5. The Law of Feedback and Critique

The user will feel more confident if you provide clear and constant feedback. Feedback is giving a user clear indication that something has happened, is happening or could happen. This communication is essential in the design of many products, consider a coffee maker that didn’t have a light indicating it was on. Furthermore, feedback makes people feel in control and makes them confident to use the product again.

6. Fitt’s Law

Fitts’s law (often cited as Fitts’ law) is a descriptive model of human movement primarily used in human–computer interaction and ergonomics.
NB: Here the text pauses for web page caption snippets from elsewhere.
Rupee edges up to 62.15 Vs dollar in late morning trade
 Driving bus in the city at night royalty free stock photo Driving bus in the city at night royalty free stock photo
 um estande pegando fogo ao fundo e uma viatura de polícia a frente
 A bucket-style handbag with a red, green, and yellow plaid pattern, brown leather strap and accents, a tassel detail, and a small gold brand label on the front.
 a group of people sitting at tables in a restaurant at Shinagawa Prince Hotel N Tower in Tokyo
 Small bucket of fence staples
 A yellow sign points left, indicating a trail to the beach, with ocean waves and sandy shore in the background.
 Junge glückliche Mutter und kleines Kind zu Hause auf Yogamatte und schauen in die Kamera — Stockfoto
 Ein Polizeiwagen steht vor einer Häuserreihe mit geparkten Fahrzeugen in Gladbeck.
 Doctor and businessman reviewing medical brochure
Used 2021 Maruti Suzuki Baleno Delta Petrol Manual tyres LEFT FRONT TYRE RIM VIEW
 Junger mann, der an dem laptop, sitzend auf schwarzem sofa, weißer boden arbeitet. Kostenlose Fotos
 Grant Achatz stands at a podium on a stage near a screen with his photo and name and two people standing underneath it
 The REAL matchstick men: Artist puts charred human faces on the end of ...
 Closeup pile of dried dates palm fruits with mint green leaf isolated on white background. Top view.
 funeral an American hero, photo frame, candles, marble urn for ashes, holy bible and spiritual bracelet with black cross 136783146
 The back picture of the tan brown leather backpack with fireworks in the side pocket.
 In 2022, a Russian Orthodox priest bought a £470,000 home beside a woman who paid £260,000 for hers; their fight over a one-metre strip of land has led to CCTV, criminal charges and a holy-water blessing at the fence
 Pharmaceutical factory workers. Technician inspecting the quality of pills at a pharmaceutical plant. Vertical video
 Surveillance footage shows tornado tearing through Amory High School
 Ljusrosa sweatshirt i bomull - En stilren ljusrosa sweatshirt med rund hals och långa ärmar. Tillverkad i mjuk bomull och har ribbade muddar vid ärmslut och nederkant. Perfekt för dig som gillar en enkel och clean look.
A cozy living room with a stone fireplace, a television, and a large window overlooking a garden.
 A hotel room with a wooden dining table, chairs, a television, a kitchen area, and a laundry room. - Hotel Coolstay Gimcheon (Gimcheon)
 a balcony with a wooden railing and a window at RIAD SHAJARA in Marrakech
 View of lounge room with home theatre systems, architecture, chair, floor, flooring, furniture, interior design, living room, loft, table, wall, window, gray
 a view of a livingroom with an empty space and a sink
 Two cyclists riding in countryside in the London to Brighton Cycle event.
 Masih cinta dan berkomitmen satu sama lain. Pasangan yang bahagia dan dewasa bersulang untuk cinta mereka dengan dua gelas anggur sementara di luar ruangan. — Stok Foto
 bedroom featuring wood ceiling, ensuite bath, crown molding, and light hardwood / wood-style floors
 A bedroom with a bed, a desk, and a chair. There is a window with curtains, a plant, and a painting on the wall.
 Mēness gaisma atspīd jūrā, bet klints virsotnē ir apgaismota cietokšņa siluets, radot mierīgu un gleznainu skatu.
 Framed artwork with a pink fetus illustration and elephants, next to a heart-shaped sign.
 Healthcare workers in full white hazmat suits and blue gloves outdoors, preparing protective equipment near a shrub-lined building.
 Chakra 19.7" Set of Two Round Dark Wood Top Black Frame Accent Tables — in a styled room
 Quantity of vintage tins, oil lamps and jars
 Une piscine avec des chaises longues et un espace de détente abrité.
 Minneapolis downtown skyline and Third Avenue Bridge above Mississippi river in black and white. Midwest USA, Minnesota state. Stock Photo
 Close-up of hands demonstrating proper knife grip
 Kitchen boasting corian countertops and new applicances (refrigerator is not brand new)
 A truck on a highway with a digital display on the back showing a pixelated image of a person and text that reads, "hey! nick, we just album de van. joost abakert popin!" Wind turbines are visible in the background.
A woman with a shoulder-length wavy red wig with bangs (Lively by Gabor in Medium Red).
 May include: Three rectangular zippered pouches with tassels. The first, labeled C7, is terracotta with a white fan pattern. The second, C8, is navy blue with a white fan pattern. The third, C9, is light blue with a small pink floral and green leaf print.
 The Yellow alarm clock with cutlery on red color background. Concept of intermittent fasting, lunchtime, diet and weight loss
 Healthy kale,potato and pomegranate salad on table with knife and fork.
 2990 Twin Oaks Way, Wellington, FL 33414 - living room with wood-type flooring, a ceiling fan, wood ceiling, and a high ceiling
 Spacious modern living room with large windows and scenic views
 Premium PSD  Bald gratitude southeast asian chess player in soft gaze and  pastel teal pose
This scientific law predicts that the time required to rapidly move to a target area is a function of the ratio between the distance to the target and the width of the target. Fitts’s law is used to model the act of pointing, either by physically touching an object with a hand or finger, or virtually, by pointing to an object on a computer monitor using a pointing device. This is why you often see forms or actions that have large “save” buttons but text based “delete” or “cancel” links. WordPress uses this law extremely well.

7. The Golden Ratio

In mathematics, two quantities are in the golden ratio if their ratio is the same as the ratio of their sum to the larger of the two quantities. The rule of thirds however deals with a whole different design theory. The rule of thirds instead is a way to place elements with in a design as a way to control where a viewers eyes will travel and what they will see. Both the golden ratio and the Rule of Thirds are more likely to produce visually pleasing compositions.

8. Occam’s Razor

Occam’s razor (also written as Ockham’s razor, and lex parsimoniae in Latin, which means law of parsimony) is a problem-solving principle attributed to William of Ockham, who was an English Franciscan friar and scholastic philosopher and theologian. The principle can be interpreted as stating Among competing hypotheses, the one with the fewest assumptions should be selected, or the simplest solution is almost always the best. This rule speaks to the old saying that “A design isn’t finished when there is nothing more to add, but when there is nothing left to take away.”

9. Fibonacci Sequence

The Fibonacci Sequence is the series of numbers: 0, 1, 1, 2, 3, 5, 8, 13, 21, 34, … The next number is found by adding up the two numbers before it. The 2 is found by adding the two numbers before it (1+1). This sequence can be used to create visual patterns, create shapes, organic figures, build grids or dictate sizing and ratios. The Fibonacci sequence is considered to be one of the most influential patterns in both mathematics as well as design.

10. Mental Models

A mental model is an explanation of someone’s thought process about how something works in the real world. It is a representation of the surrounding world, the relationships between its various parts and a person’s intuitive perception about his or her own acts and their consequences. Mental models can help shape behavior and set an approach to solving problems and doing tasks. This is why the concept of tabs works so well and why operating systems are modeled off of real world office situations (folders, files, desktop, etc…)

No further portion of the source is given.